Unser Grundgesetz formuliert im Artikel Fünf :"Jeder hat das Recht, seine Meinung in Wort, Schrift und Bild frei zu äußern und zu verbreiten". Der Artikel ist anspruchsvoll und voraussetzungsvoll. Das sagt er nicht. Er präzisiert nicht, was eine Meinung ist, bestimmt nicht deren Qualität und legt nicht den Rahmen (den Ort) der Äußerung fest. Das ist angesichts von Herrschaftsverhältnissen gut bedacht; denn damit wird die Schwelle, sich zu äußern, niedrig gelegt. So weit, so gut (Ich äußere mich hier, ohne die Geschichte der Entstehung dieses Artikels zu kennen). Emanuel Kant hat eine Meinung als eine Aussage verstanden, die zwischen dem Wissen und dem Nicht-Wissen liegt - also nicht wissenschaftlich, sondern vorwissenschaftlich begründet ist: durch individuelle, nicht verallgemeinerte Erfahrung.  Kant, so verstanden, sagt: eine Meinung ist eine etwas begründete Aussage. Das ist gewissermaßen der Normalfall unserer täglichen Kommunikationen und Diskussionen; unser Nicht-Wissen ist immens,weshalb wir uns mit tastenden Beiträgen begnügen müssen. Eine Meinung ist, psychologisch/soziologisch verstanden, eine interaktive Kommunikation; sie sucht eine Antwort:  sie ist adressiert und auf jemanden bezogen, sucht den Anschluss und gehört in die interaktiven Kontexte sich gegenseitig abstimmender, differenzierender oder korrigierender Diskussionen. 

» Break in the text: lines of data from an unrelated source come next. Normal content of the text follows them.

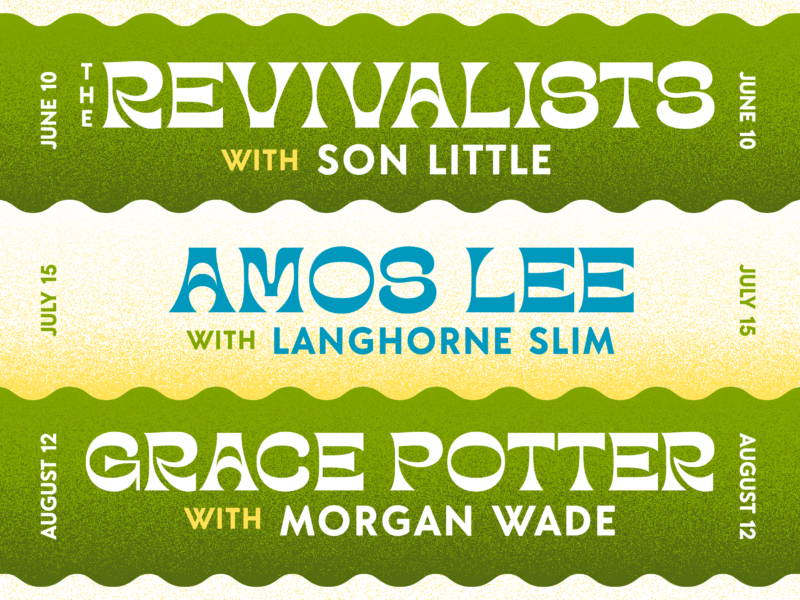 Graphic for Beech Mountain Summer concert series featuring Grace potter, Morgan wade, son little, the revivalists, Amos lee, and Langhorne Slim
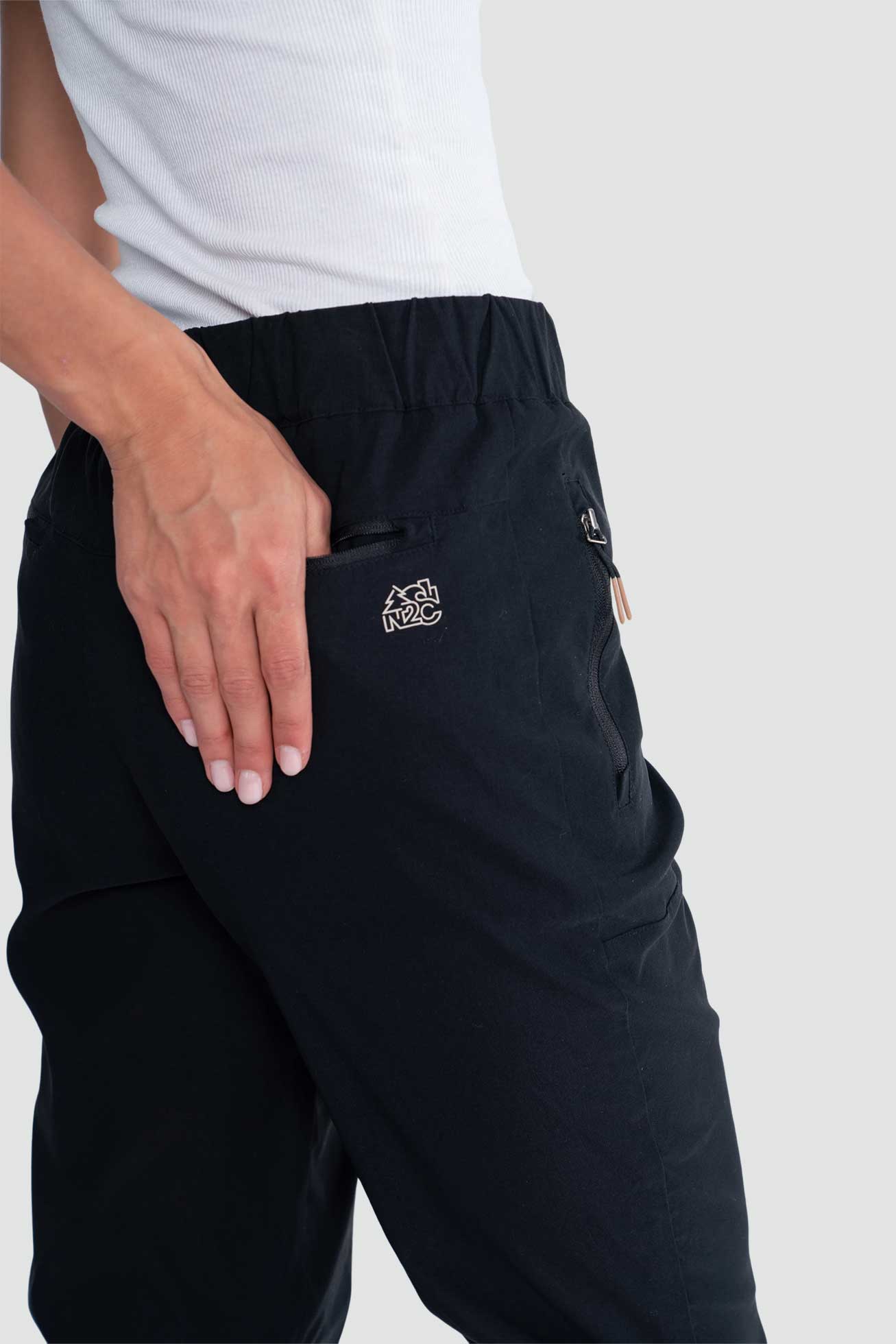 Pantalón Slim Nylon Hikking Mujer - Negro Lavender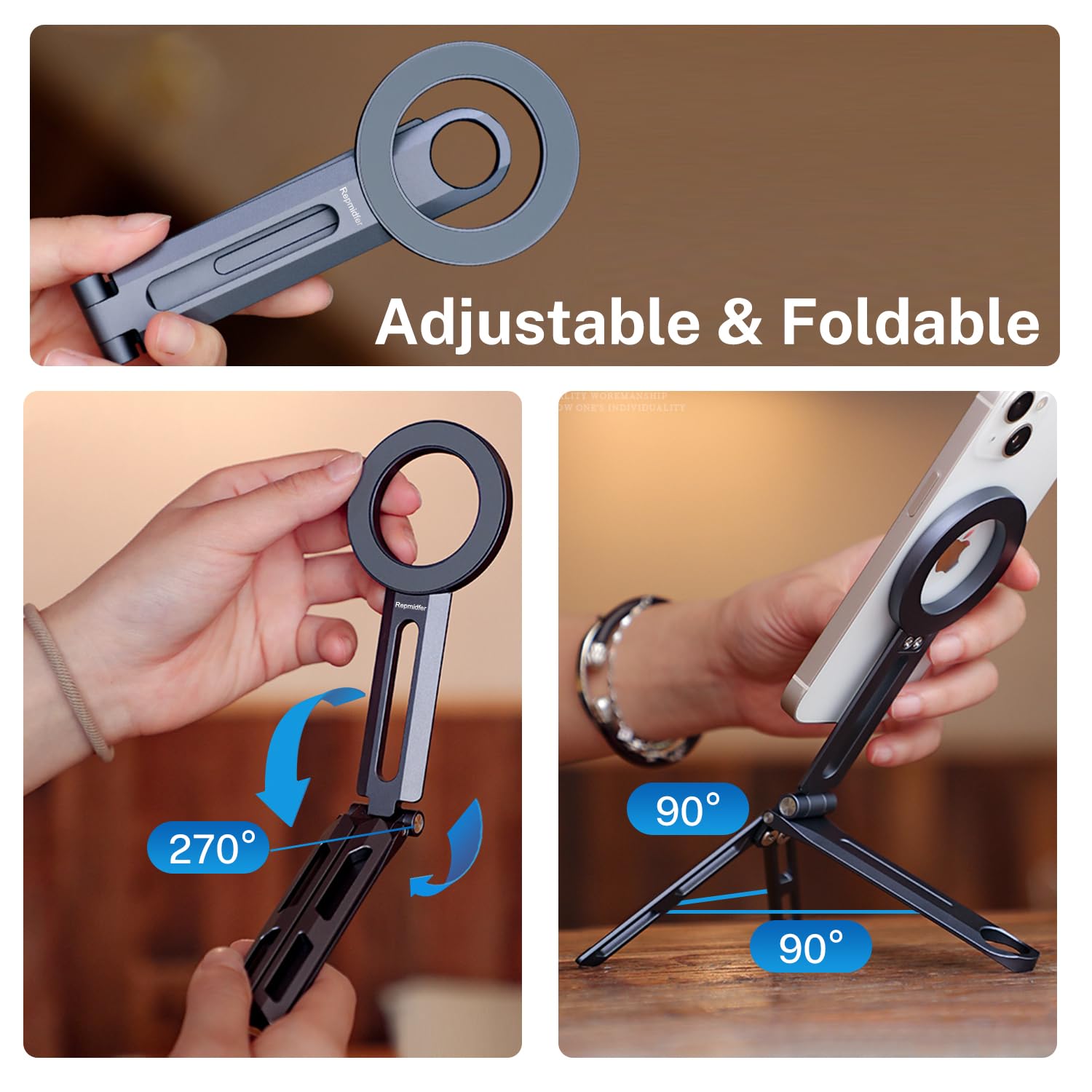 Repmidfer Ultra Light Aluminium Magnetic Phone Tripod Stand For Iphone 17 Air 16 Pro Max, Foldable Magnetic Phone Holder, Pocket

Das Internet startete mit dem unausgesprochenen Vertrauen in interaktive Kommunikationen. Was ist, wenn diese Kultur nicht mehr funktioniert (in grenzenlosen Internet-Foren) oder nicht mehr gilt (in korrumpierten Kommunikationen)? Was ist,  wenn eine als Meinung geäußerte Aussage desinteressiert ist an Wahrhaftigkeit, Anschluss, Austausch und Antwort? Was ist, wenn eine als Meinung geäußerte Aussage nur Zustimmung, Vergewisserung, Verschmelzung, Macht, aber keine Differenzierung erwartet. Nachfragen, Skepsis, Kritik sind unerwünscht. Sind das Meinungen? Können sie als Meinungen gelten? Was ist, wenn diese gewissermaßen Interesse-betonierten Äußerungen (an kommunikativen Interaktionen desinteressiert)  durchgehen, sich behaupten und durchsetzen?

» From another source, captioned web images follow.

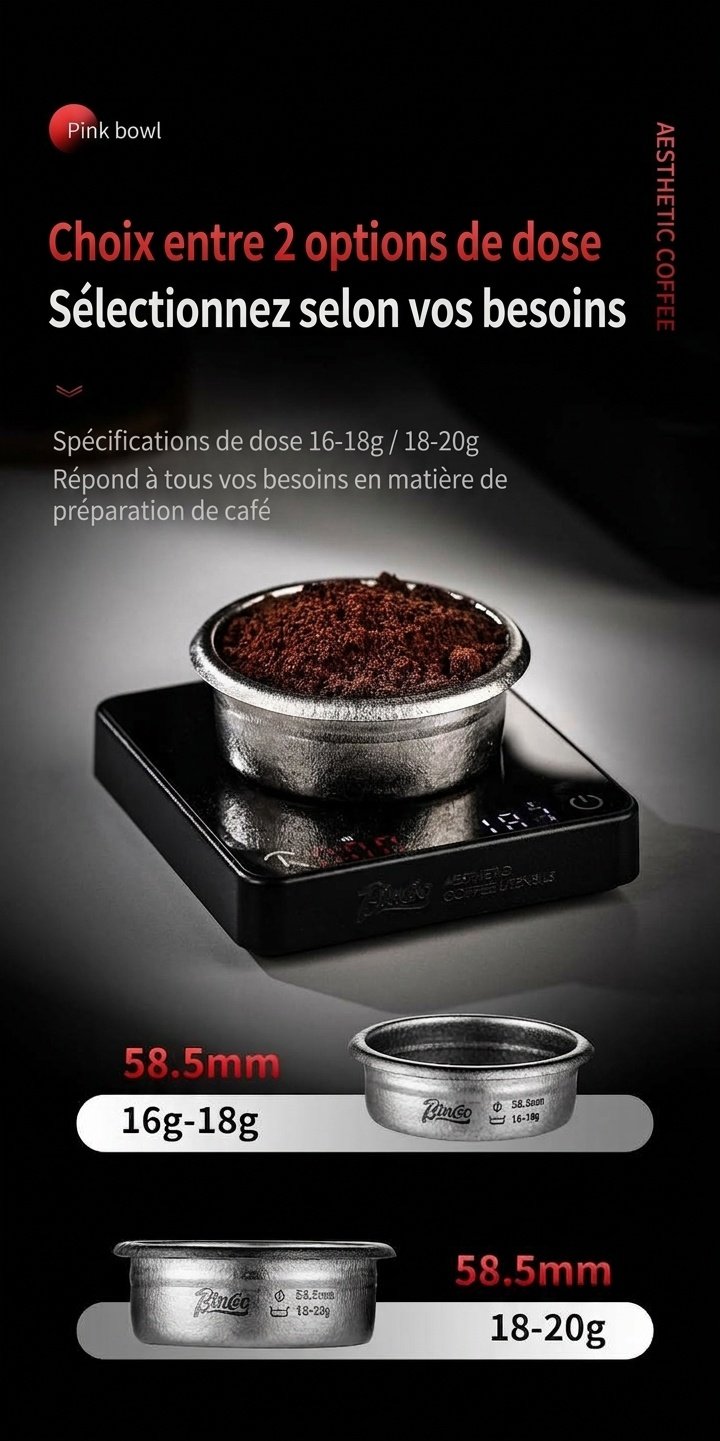 Filtre à espresso Bincoo en titane 58,5 mm | Argent, Bleu, Or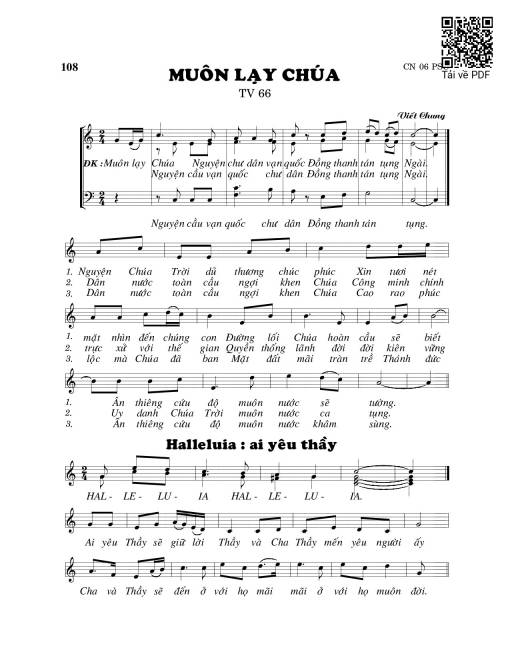Sheet nhạc PDF bài Thánh Vịnh 66, Muôn Lạy Chúa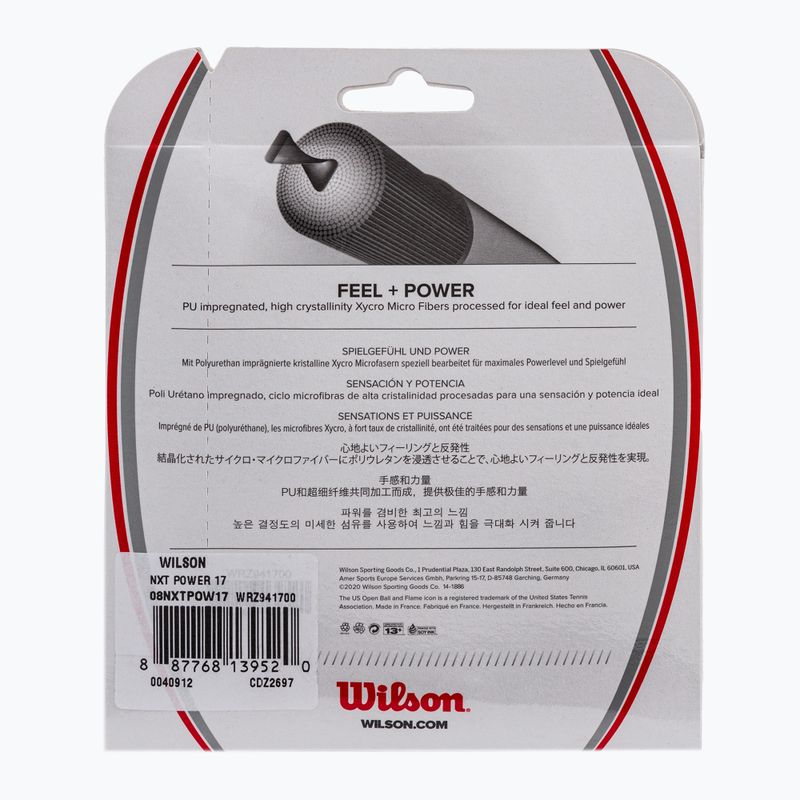 Wilson NXT Power 17 teniso stygos 12,2 m baltos spalvos WRZ941700+ 2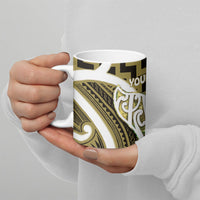 Aotearoa Atua Tangaroa Personalised Ceramic Mug God Of The Sea Maori Whale Tail Yellow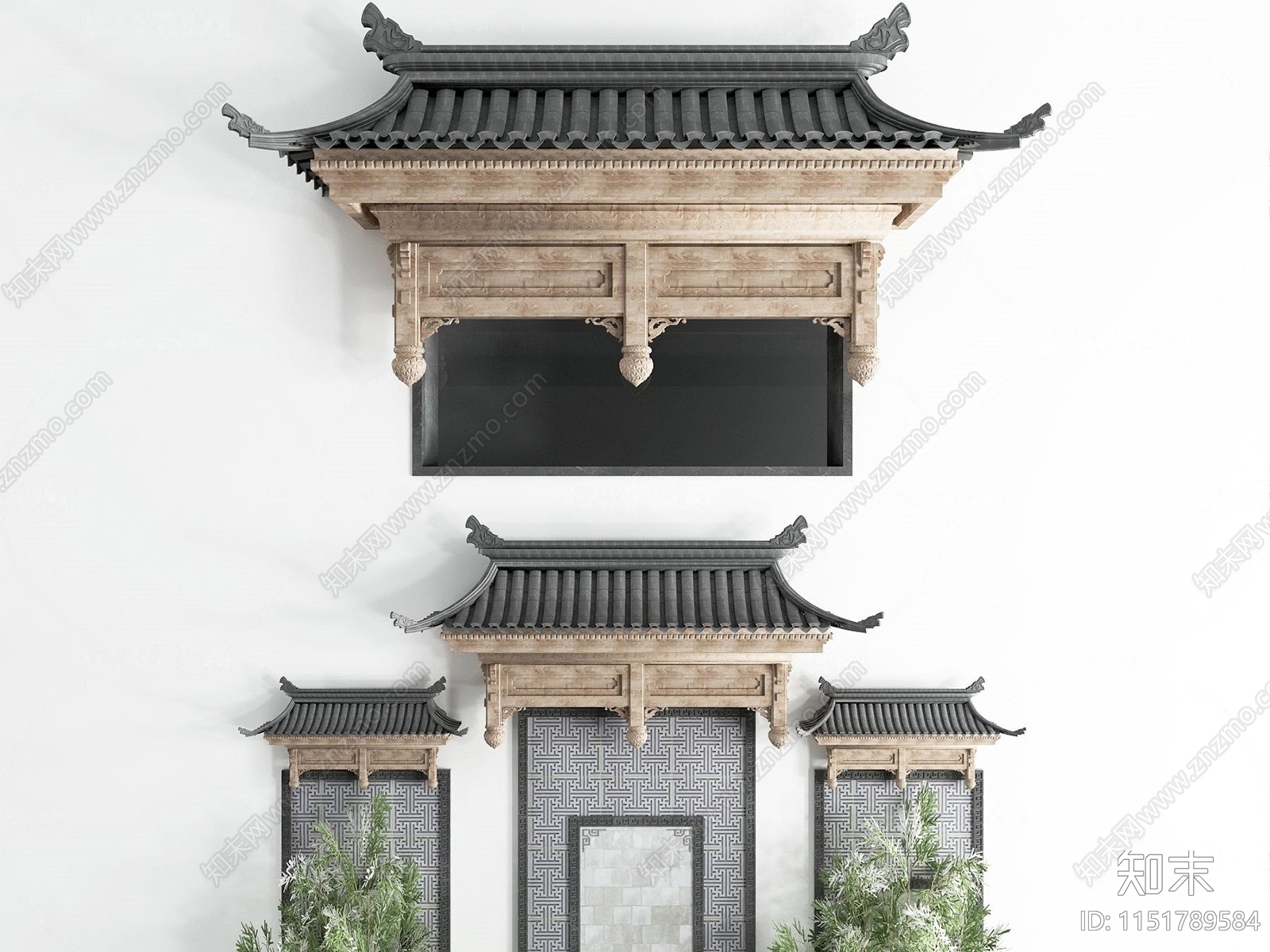 新中式门头屋檐3D模型下载【ID:1151789584】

Die Antwort ist schwierig. Sie müsste gründlich diskutiert werden. Unser Strafgesetzbuch hat die strafrechtlichen Grenzen für die Meinungsfreiheit festgelegt. Wäre Donald John Trump bei uns mit seinen twitter durchgekommen? Womöglich. Es wäre ein endloses Ringen um den für jeden twitter zu bestimmenden Straftatbestand geworden - eine unlösbare Aufgabe bei über 30.000 twitter. War deshalb  der Eingriff der U.S.-Internet-Konzerne, Donald Trump den Zugang zu ihren Plattformen zu verweigern, so fragwürdig? Nein. Jede Zeitung wählt bei uns die Leserzuschriften zur Veröffentlichung aus. Es gibt kein Recht zur Veröffentlichung. Im Internet gibt es aber jetzt für jeden von uns die Möglichkeit der Veröffentlichung einer Äußerung. Die strafrechtlichen Grenzen liegen weiterhin für uns fest. Aber niemand muss die eigene Identität angeben. Wäre das nicht eine Voraussetzung für die Freiheit der Meinungsäußerung? Auch das müsste gründlich diskutiert werden. Inwieweit verträgt der öffentliche Protest eine Maske? Müsste gründlich diskutiert werden. 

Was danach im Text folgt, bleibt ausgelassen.